The point is, that you want to do things in a least somewhat believable way, not just because the author says so. Dune is a lot like The Last Jedi, where things happen just because the director wants to do things that way, however much it makes no sense. Science Fiction requires a "suspension of disbelief", but you won't get that suspension by the reader or audience if keep doing things without laying the foundation for the rrader and audience to suspend their disbelief. Dune, like The Last Jedi, does not lay that groundwork, thr author/director does stuff simply because that is the way the author/director wants it that way. The original Flash Gordon had people fighting with swords, that made no sense when people had ray guns.- just pick up a ray gun and blast the person with the sword.
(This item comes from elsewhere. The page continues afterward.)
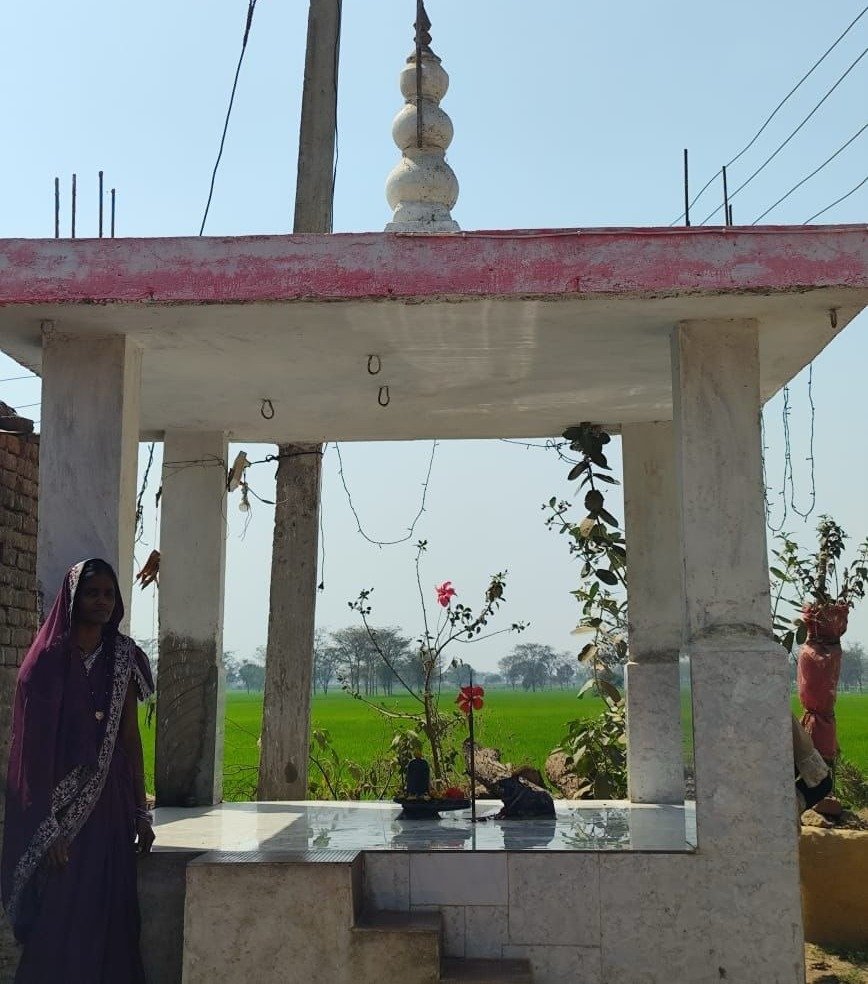 CG News: महतारी वंदन योजना से आया सामाजिक बदलाव, देवपुर की महिलाओं ने मिलकर बनवाया शिव मंदिर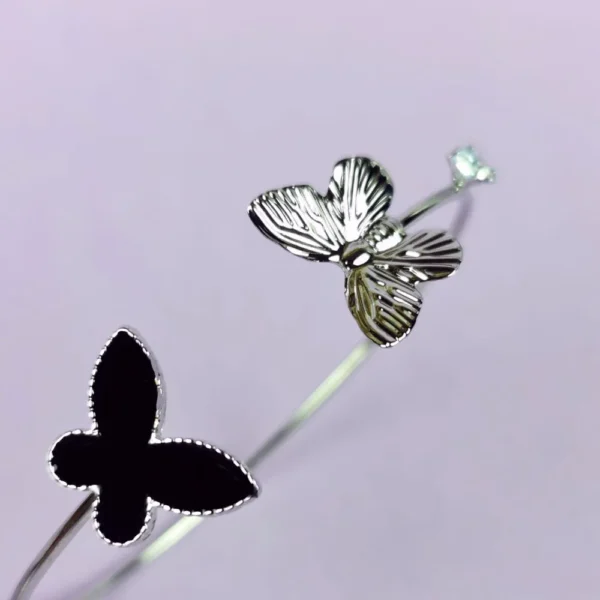 Fluttering wings silver bracelet - Image 2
Star Wars made using the light saber believable, because the Jedi could stop blaster bolts with it, and it cut through doors that were blaster proof. The light saber made sense for the Jedi, who were more into defense than offense - "Not as random as a blastrr. A more elegent weapon for a more.civilized age", you could see the Jedi prdferring to using an elegant lightsaber over a crude blaster.
In the books, Dune brought back knives in fighting in a hamfisted way - the shields were just an obvious and crude plot device to bring back knife fighting into a futuristic world, but having shields explode when hit by lasers made no sense, and was like TLJ ships suddenly running out of fuel for hyper jumping with no good reason or justification, because a lazy director wanted his movie that way and could be bothered to come up with a plausible justification. The movies actually do a much better job in making the use of knives believable than the book - personal shields block energy weapons and high speed projectiles like bullets, but would allow slow movie objects like knives tomgo through. If nothing penetrated a shield, you could not pick up anything, or turn a door knob. The excuse "its just fiction, so the author can do whatever they want" is not really true, not if you want to make good fiction. You can't just decide to make Superman evil, without laying the proper believable work. You can't assert that people could give up all computers but still maintain an interstellar technological society with space flight. Advance AI, yes, but all computers? No. Lazy story writing.